_Brief_. Repeat all the data exactly, and where a record holds a picture, leave that picture out.
*** Opening of Provided data ***
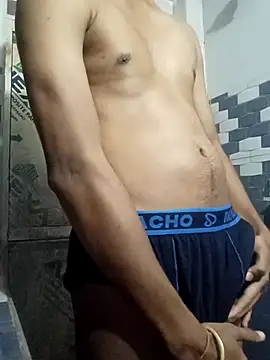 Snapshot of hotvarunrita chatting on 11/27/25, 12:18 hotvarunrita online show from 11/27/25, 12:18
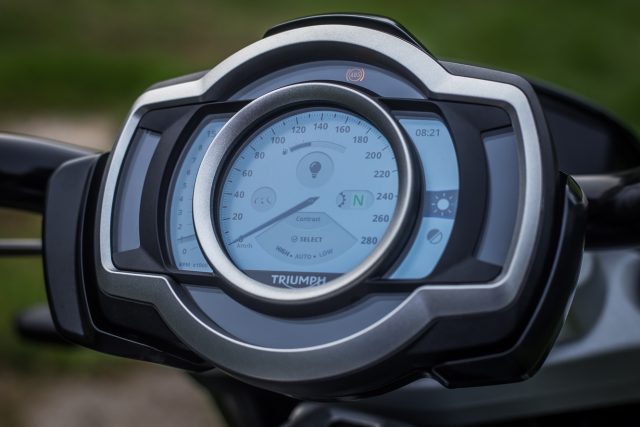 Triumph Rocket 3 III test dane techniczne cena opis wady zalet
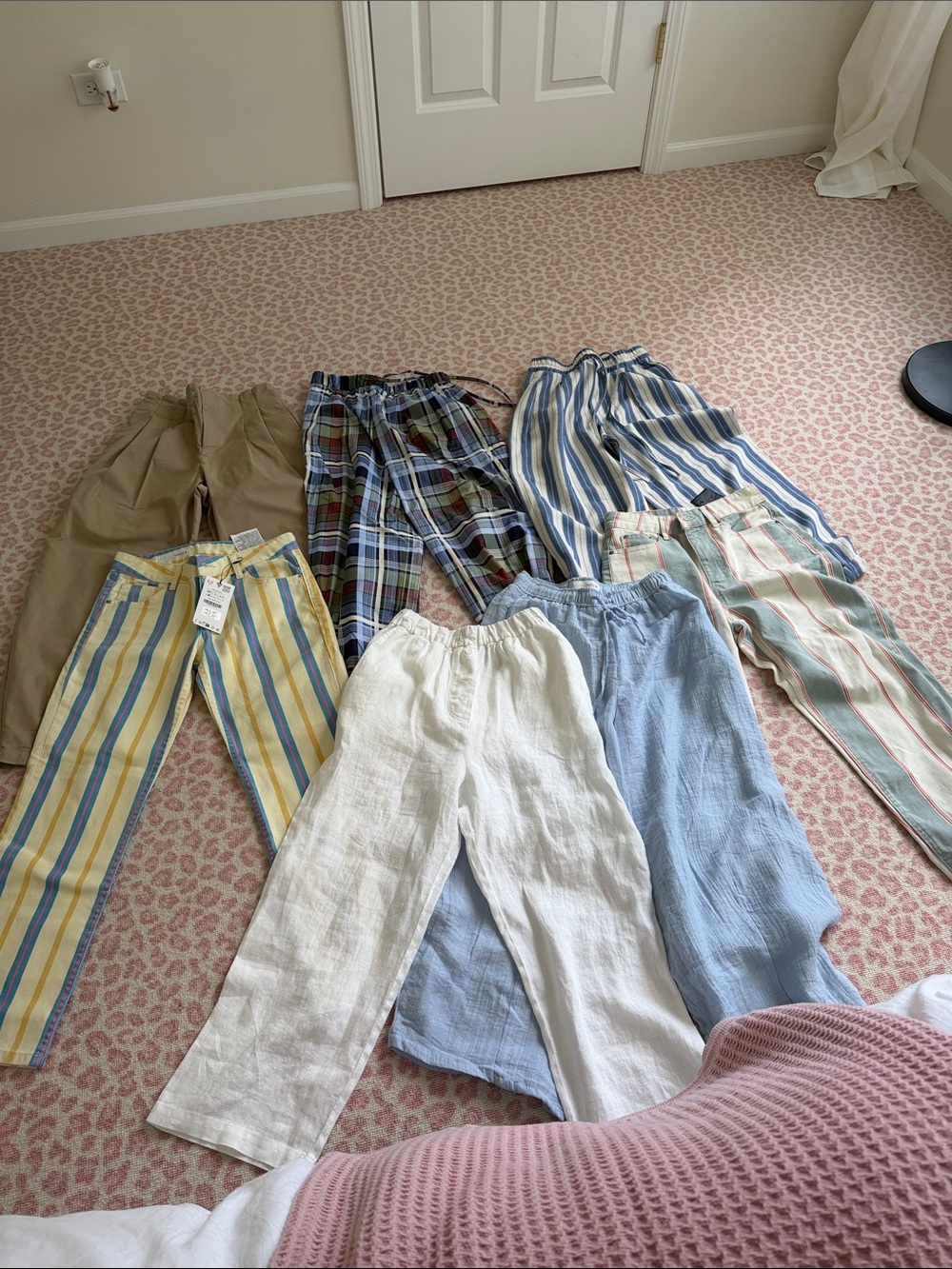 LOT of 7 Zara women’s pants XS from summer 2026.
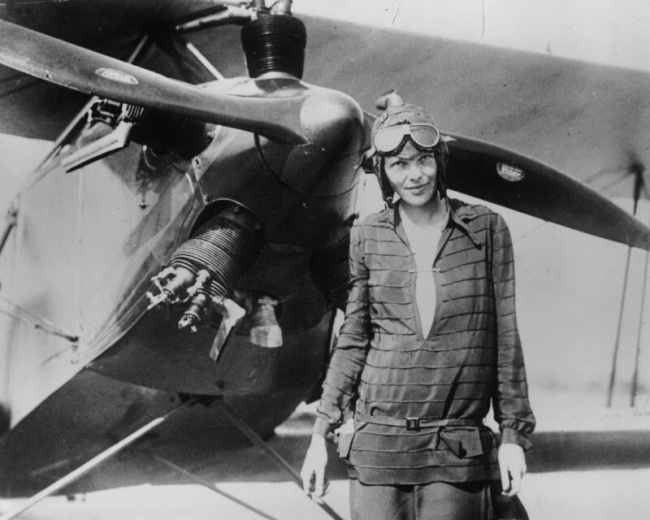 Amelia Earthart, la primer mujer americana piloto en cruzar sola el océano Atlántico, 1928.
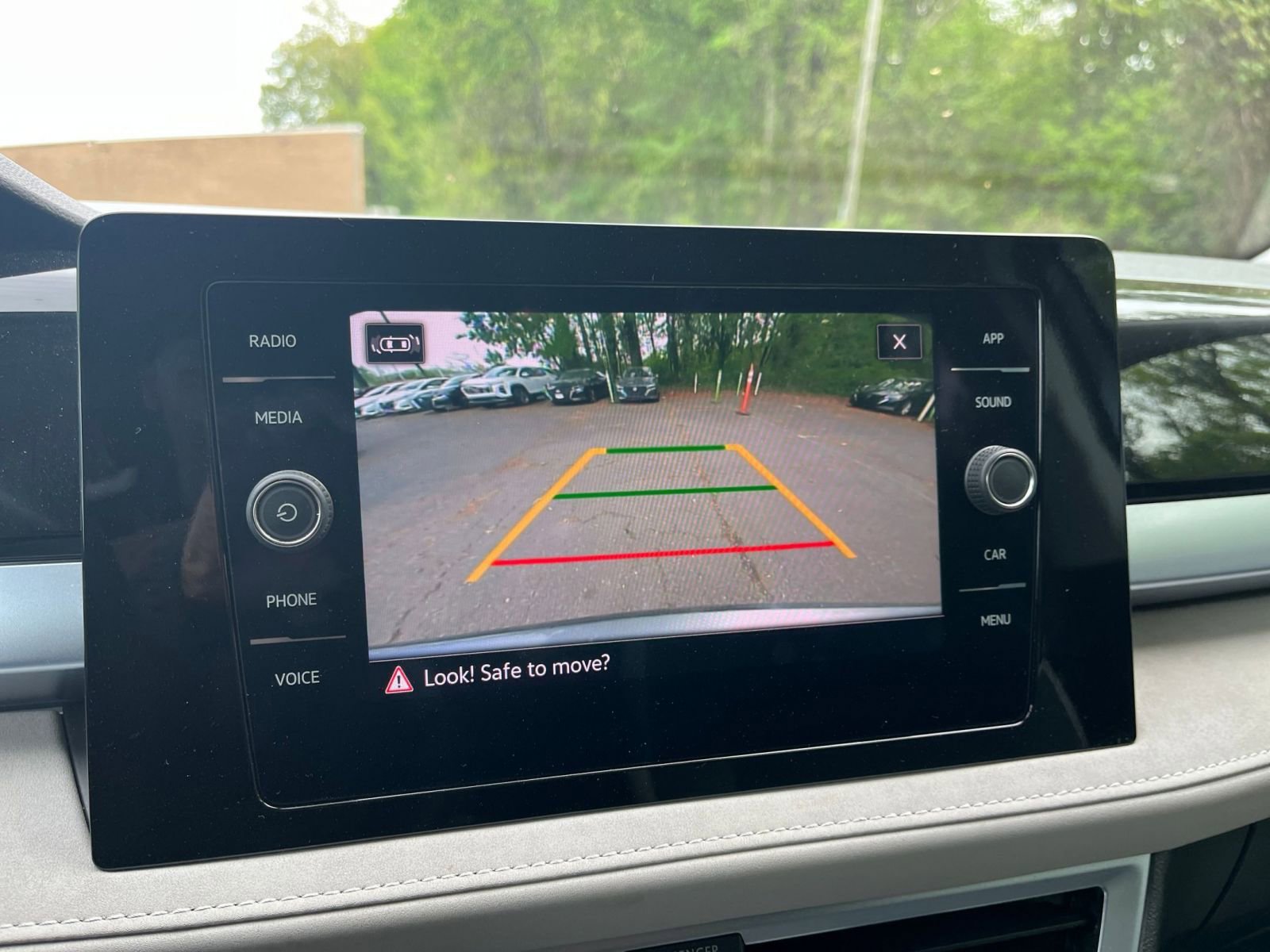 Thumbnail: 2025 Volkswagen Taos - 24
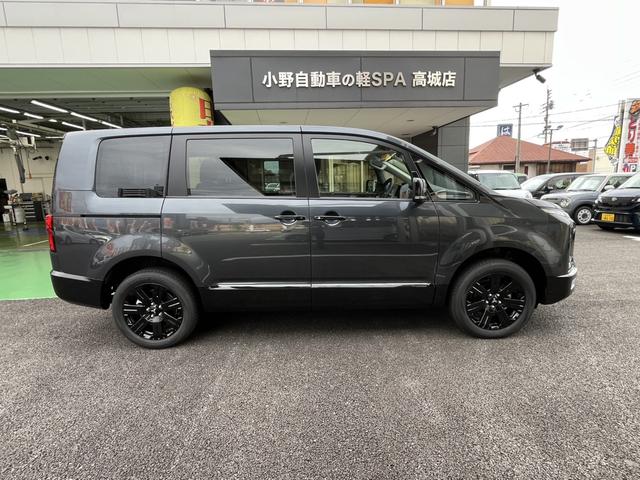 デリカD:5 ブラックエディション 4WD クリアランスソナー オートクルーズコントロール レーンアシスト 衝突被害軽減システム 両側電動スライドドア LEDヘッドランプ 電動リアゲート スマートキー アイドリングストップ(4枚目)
*** Close of Provided data ***
_Expected output_.
 Snapshot of hotvarunrita chatting on 11/27/25, 12:18 hotvarunrita online show from 11/27/25, 12:18
 Triumph Rocket 3 III test dane techniczne cena opis wady zalet
 LOT of 7 Zara women’s pants XS from summer 2026.
 Amelia Earthart, la primer mujer americana piloto en cruzar sola el océano Atlántico, 1928.
 Thumbnail: 2025 Volkswagen Taos - 24
 デリカD:5 ブラックエディション 4WD クリアランスソナー オートクルーズコントロール レーンアシスト 衝突被害軽減システム 両側電動スライドドア LEDヘッドランプ 電動リアゲート スマートキー アイドリングストップ(4枚目)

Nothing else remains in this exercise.